The book was re-packaged with the Dark and Hidden Ways adventure pack in 1990 to clear out the remaining stock of Dungeoneer's Survival Guide, a first edition AD&D title rendered out-of-date with the release of second edition AD&D.

In 1999, a paperback reprint of the first edition was released.

==Reception==
Jim Bambra reviewed Dungeoneer's Survival Guide for White Dwarf #82, commenting that the book "deserves the attention of all 'AD&D' players – even those who prefer the freedom of the wilderness to the depths of the dungeon". Bambra noted that while the book covers the Underdark in detail, it is also a major expansion of the AD&D rules. He felt that the new proficiencies "add a whole new dimension to 'AD&D' gaming", as PCs "can now do more than just fight and cast spells". He also noted that, with proficiencies, characters "are able to make armour and weapons, train animals, cut gems, fight effectively in the dark, climb mountains, swim, and perform many other activities that were simply impossible before ... A skill system is something 'AD&D' has been lacking for a long time, and it is good to see that this one ... fits smoothly and easily into the game." Bambra praised author Doug Niles for creating a sourcebook that "proves that underground adventures can be a lot more than simply killing the monster and grabbing its treasure ... the underground has been transformed from a bleak and dirty dungeon to an exciting and intriguing underground fairyland". He adds that the suggestions on how to run underground campaigns form one of the best discussions on designing adventures, finding it relevant for any campaign, even those belonging to other game systems. Bambra concludes the review by stating "Dungeoneer's Survival Guide is an excellent product which opens many new and exciting opportunities to adventurers everywhere. Don't be put off by the title - 'DSG' contains plenty for ... even the most adamant of wilderness adventurers."

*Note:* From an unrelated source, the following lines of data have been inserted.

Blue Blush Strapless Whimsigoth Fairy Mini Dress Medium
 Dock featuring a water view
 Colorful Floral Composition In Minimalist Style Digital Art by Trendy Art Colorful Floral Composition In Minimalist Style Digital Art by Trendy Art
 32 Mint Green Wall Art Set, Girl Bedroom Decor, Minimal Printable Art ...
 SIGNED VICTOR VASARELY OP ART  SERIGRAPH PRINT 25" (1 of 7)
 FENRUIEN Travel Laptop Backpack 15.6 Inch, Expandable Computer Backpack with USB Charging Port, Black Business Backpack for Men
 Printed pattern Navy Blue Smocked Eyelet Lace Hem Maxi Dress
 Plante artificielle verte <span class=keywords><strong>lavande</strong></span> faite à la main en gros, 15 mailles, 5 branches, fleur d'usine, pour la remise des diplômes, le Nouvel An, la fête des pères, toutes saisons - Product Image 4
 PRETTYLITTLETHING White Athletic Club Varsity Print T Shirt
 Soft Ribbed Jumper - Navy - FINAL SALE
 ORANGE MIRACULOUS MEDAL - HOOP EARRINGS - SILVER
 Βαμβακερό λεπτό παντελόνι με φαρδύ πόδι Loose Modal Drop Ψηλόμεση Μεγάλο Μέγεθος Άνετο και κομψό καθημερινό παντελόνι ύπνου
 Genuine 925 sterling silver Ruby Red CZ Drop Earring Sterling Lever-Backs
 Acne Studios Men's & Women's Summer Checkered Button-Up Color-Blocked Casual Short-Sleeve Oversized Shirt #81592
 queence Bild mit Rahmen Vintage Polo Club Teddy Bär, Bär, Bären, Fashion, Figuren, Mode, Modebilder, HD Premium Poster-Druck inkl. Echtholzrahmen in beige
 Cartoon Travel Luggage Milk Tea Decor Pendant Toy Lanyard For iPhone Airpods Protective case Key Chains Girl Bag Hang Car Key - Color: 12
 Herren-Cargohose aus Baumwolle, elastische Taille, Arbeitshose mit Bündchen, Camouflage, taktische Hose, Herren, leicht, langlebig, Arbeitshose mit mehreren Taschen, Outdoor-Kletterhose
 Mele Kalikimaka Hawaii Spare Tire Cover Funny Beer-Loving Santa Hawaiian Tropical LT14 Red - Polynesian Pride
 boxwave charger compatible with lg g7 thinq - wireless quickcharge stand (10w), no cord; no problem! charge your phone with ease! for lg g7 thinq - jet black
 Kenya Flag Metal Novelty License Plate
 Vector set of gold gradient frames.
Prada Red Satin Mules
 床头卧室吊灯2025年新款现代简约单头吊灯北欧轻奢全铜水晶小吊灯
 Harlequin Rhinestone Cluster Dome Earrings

In Issue 2 of the game magazine Gateways, Patricia Travis found "Some new rules are nice, but most are incomplete or far too subjective for practical use." Travis also pointed out that the author "has a habit of mentioning drawbacks and limitations without hinting at solutions", using as an example the section on rope bridges, which "should have included at least one method for building them." Travis called the players' half of the book "an overpriced hint sheet for players" but called the gamemaster section "required reading for all gamemasters, experienced and novice." Travis concluded, "This is the kind of book that should be purchased by a group and shared, allowing the players to look up rock formations, game designers to draw beautiful maps, and gamemasters to learn good technique."

Scott Taylor of Black Gate listed the Dungeoneer's Survival Guide as #10 on the list of "Top 10 'Orange Spine' AD&D Hardcovers By Jeff Easley, saying "[Easley] painted this one before he even came to TSR but they decided to buy it and use it for this cover."

In his 2023 book Monsters, Aliens, and Holes in the Ground, RPG historian Stu Horvath called this book with its myriad rules "a reaction to the contemporaneous movement to lighten rules (à la Ghostbusters, for instance), offering ever more layers of optional systems to frustrate players and slow play ... The rules seem expressly designed to get players to whine, "When do we get to hit things?"